This starts in like half an hour


----------



## Nymeri (Jun 10, 2014)

What about Zelda Williams appearing? Do you guys think it's still hope for MM 3D?

http://www.nintendolife.com/news/20...l_be_at_e3_2014_doing_something_extra_special


----------



## oath2order (Jun 10, 2014)

Nymeri said:


> What about Zelda Williams appearing? Do you guys think it's still hope for MM 3D?
> 
> http://www.nintendolife.com/news/20...l_be_at_e3_2014_doing_something_extra_special



I HOPE


----------



## Nymeri (Jun 10, 2014)

me too.

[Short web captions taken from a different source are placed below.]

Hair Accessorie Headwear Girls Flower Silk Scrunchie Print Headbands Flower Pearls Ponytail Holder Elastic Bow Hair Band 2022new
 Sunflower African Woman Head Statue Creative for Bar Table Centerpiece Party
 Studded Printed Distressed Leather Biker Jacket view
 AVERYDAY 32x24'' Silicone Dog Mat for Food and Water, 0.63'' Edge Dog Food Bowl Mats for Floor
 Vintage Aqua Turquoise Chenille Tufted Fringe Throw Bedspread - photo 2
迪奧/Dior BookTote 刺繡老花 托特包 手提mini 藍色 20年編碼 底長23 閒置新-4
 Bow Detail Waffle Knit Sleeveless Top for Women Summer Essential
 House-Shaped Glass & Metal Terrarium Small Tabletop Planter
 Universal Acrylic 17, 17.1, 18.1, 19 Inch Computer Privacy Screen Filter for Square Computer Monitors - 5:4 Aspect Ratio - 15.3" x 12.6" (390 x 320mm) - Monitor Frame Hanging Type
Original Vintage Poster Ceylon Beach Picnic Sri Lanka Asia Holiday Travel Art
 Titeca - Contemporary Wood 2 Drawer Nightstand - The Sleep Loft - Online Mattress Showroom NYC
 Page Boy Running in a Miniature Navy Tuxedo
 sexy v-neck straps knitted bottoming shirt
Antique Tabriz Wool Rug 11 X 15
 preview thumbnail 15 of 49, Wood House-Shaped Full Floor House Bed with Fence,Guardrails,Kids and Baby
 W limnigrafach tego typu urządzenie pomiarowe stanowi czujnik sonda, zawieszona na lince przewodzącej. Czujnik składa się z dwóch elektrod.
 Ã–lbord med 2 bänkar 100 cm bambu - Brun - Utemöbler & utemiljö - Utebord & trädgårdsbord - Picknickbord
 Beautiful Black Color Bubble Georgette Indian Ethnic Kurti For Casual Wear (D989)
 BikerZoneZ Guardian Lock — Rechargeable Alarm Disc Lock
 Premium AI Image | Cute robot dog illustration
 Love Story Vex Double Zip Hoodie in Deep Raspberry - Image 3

Do the right thing Nintendo


----------



## Cory (Jun 10, 2014)

That's definitely me at the treehouse right now.


----------



## Solar (Jun 10, 2014)

miyamoto please


----------



## inactive (Jun 10, 2014)

deleted


----------



## Hyoshido (Jun 10, 2014)

Splatoon is honestly making me sleepy and bored, it doesn't look that fun at all. Just jump to Miyamoto already ffs.


----------



## oath2order (Jun 10, 2014)

I'm not convinced on buying the game, but it's been 40 minutes can we move on.


----------



## Hyoshido (Jun 10, 2014)

Finally Miyamoto is onnnnn


----------



## Jawile (Jun 10, 2014)

What are they playing right now!?


----------



## oath2order (Jun 10, 2014)

giant robots


----------



## Chromie (Jun 10, 2014)

A NEW STAR FOX. Why won't they talk about it!?


----------



## Solar (Jun 10, 2014)

giant robots looks ok.

- - - Post Merge - - -

guard looks like it has potential though.


----------



## oath2order (Jun 11, 2014)

TREEHOUSE ROUND TWO

http://e3.nintendo.com/treehouse/

10 MINUTES


----------



## Nerd House (Jun 11, 2014)

oath2order said:


> giant robots



Xenoblade Chronicles X


----------



## oath2order (Jun 11, 2014)

Adol the Red said:


> Xenoblade Chronicles X



Sorry what?


----------



## Stalfos (Jun 11, 2014)

(it's starting...) o.o


----------



## oath2order (Jun 11, 2014)

I'm sorry Nintendo I really don't care for these eshop games


----------



## Stevey Queen (Jun 11, 2014)

Are they going to show more Zelda U?


----------



## oath2order (Jun 11, 2014)

They have two days. They knocked out the indie games today so I think more Zelda U


----------



## Jake (Jun 12, 2014)

Anyone know if there's any footage of the mh4u demo?


----------